A trick for Safer GPT-N

razied

A trick for Safer GPT-N

post by Razied · 2020-08-23T00:39:31.197Z · LW · GW · 1 comments

To clarify definitions a bit, by GPT-N I mean a future deep learning model trained to minimize the error of next-word prediction on a corpus that includes substantial portions of the internet. This model is assumed to be superhuman at its given task. There are only 2 requirements on the model necessary for the trick to work: #1. Needs to be trained with something like gradient descent, or otherwise have a clear mean of learning from a single example. #2. Needs to predict the probability of arbitrary text samples.

The general idea is the following: you can make GPT-N model humanity having access to its outputs by adding its outputs to its dataset and training on them. This allows us to use GPT-N's immense knowledge to predict the consequences of us having its output to a question. A practical process for using this to make safer GPT-N is something like this:

Setup the API to the model such that for every query you want to make of the AI, you make GPT-N predict a continuation without showing you, then you train it on that continuation (basically making it think that what it produced was already available to humanity). Then you ask it to predict the likelihood of various doom-implying headlines from a major newspaper in the 2040s, if training on the continuation to your query makes the likelihood of doom headlines greater, then the AI doesnt publish the continuation to your question.

The question of ensuring safety is then rephrased to building a corpus of text that we expect to reliably indicate positive vs negative outcomes of humanity. If we have such a corpus, we can have a system that causes GPT-N to only show answers that cause the good outcomes and avoid the bad ones, crucially without it trying to cause either, no direct optimization pressure is being applied to causing these outcomes, it's still producing the most likely text continuation, but we're using its knowledge to know whether we should look at its answers. There is some optimization pressure being applied to steering the future: we still have the at most 1bit/question decision of showing vs not-showing an answer, and that is quite unavoidable if we want to actually have any impact on the future.

This is an extremely cheap thing to implement, no additional fancy algorithms or breakthroughs required, so AI leaders get no measurable capability penalty from using this. The corpus of text indicating good/bad outcomes should be made publicly available and as large as possible. However it does raise the compute cost of inference, since we need to evaluate the model on the whole good/bad corpus for each question we want to ask.

Of course, this is just a patch, and we should use the immense tool of GPT-N to look for proper safe AGI (by making it predict future papers in AI safety), but this trick might help us navigate the short hazardous period before we have such a thing.

1 comments

Comments sorted by top scores.

comment by Razied · 2020-08-24T23:14:25.786Z · LW(p) · GW(p)

Here are the problems I found (so far) with this approach and my attempt at solutions:

Problem 1: We won't think of all possibilities for bad stuff happening, and we might miss a crucial failure mode in our text corpus.

Solution 1: We might try to outsource the creation of some of those possibilities to GPT-N. This would be a much bigger problem if GPT were explicitly optimizing against us, but it isn't.

Problem 2: GPT-N might predict that the world ends in such a way that stuff like the headlines of newspapers don't change, or that things go badly rapidly enough that humanity doesn't have time to notice it.

Solution 1: we can ask GPT-N for the probabilities at fine-grained time slices, and of text modalities that respond quickly to events, like tweets or forum posts.

Solution 2: for the case where things go badly rapidly enough that we don't notice it at all, we can ask GPT-N for the probability of pictures (say a picture of downtown New York, still intact with living humans). Pictures respond faster to events in the real world. The only way to beat this is with something like a complete takeover of all forms of electronic communication at the same time. Or with total complete destruction of everything at the same time, ideally we need to have one of the cameras up on a satellite, taking pictures of the earth, so it wouldn't be immediately destroyed.

Solution 3: we need to sign all the items in our dataset with cryptographic keys stored on computers in Faraday cages.
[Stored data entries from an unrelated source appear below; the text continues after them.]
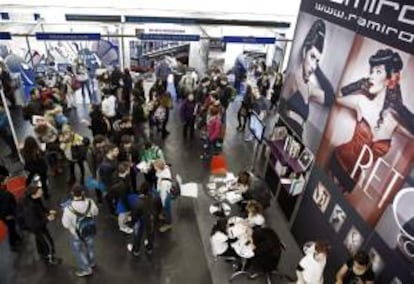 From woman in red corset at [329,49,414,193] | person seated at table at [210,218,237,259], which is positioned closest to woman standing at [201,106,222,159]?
person seated at table at [210,218,237,259]

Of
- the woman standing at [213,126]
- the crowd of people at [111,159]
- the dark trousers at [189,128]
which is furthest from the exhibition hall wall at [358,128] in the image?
the dark trousers at [189,128]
A Twitter account which publishes signed messages/pictures every day or so should be made by organizations and serve as "dead man indicators". This ensures that a potential fast doom scenario cannot only be electronic, it needs to be physical.

Problem 3: The optimization pressure scales with the number of questions we ask of GPT-N, especially if the questions we ask are informed by GPT's past refusals or answers. If we get to a situation where GPT refuses to answer all our questions, and we keep asking them, then we are optimizing against the safety conditions.

Solution 1: this means that pretty much the first thing we need to ask GPT-N is how to safely extend the number of questions we can ask.